KEN: Although everything was happening in painfully slow motion, each frame contained too much experience and too much information, which produced the bizarre sensation that things were happening both rapidly and very slowly, somehow at the same time.
I kept having the image of myself playing baseball: I am standing there with my glove on, with several people throwing baseballs at me, which I am supposed to catch. But so many balls are being thrown at me that they bounce off my face and body and land on the ground, while I stand there with a stupid-looking expression. “Gee, guys, want to slow down and give me a chance? No?...” The bad-news phone calls continued.
TREYA: Why couldn’t someone call with good news, I thought? Isn’t this enough for now? How about a ray of hope somewhere?

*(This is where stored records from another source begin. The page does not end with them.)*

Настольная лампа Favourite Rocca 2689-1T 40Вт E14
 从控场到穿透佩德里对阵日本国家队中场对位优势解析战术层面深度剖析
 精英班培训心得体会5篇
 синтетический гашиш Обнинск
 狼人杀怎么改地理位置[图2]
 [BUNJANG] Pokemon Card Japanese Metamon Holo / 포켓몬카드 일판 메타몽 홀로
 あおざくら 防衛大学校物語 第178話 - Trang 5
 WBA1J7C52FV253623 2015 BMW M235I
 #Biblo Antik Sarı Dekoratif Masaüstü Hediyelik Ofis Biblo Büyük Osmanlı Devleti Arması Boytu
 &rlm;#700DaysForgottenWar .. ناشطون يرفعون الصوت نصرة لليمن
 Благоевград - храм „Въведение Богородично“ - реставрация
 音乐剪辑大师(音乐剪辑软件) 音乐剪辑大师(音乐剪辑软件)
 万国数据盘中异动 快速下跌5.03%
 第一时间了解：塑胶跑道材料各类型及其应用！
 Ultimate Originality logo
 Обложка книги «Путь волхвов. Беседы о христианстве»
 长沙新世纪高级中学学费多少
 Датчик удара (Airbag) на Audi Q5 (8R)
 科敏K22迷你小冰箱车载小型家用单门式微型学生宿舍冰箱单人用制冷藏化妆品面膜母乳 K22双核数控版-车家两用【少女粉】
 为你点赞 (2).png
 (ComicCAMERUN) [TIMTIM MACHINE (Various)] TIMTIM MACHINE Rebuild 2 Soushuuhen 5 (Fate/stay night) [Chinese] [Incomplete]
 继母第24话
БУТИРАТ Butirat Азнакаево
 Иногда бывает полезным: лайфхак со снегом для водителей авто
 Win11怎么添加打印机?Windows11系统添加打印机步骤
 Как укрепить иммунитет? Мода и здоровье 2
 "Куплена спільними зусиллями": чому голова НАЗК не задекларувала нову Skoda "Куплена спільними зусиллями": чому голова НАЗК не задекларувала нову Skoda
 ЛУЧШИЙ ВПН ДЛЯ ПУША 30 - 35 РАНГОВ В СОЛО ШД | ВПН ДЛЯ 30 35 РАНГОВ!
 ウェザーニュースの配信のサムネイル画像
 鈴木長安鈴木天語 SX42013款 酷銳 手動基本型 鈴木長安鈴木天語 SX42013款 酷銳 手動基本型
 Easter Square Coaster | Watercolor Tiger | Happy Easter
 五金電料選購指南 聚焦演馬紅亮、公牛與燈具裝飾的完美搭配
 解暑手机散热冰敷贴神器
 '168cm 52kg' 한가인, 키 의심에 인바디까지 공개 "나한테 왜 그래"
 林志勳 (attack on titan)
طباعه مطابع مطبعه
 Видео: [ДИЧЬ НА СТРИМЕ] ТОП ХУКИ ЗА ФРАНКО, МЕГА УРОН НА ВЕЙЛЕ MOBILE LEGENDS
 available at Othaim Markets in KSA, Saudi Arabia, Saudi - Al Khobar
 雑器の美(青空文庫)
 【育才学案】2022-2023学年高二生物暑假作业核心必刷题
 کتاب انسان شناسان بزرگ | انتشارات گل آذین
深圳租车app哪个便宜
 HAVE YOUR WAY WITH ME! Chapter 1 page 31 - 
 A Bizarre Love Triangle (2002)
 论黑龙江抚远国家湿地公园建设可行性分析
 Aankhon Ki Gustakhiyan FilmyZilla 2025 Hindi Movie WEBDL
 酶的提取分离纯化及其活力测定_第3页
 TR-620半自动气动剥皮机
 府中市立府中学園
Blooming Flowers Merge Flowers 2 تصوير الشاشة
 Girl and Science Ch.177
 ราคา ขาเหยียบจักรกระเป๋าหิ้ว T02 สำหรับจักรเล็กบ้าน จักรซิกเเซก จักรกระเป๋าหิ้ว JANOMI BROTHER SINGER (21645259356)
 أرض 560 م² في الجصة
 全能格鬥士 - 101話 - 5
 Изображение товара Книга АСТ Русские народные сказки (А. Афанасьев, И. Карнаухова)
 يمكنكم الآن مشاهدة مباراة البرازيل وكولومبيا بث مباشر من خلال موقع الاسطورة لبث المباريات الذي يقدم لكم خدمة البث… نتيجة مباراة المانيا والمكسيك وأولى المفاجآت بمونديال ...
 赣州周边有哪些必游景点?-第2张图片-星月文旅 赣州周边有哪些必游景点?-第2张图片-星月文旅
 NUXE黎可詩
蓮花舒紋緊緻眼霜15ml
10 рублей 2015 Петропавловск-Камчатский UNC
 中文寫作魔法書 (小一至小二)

With each call I went through a period of renewed self-pity, why me? I let myself react, and then after some time passed I could accept the news calmly as simple factual information. This is the way it is. I had a 2.5 centimeter lump removed. It was invasive carcinoma. The cells were poorly differentiated.That’s all we knew for now.It was late. Ken went in the kitchen to get us some tea. The world lay quiet, resting, and my tears began again. Quiet tears, despairing tears.
This was true, this was real, this was happening to me. Ken came back in, looked at me; didn’t say a thing; sat down, put his arms around me; held me very tight; we stared into the darkness, not saying a word.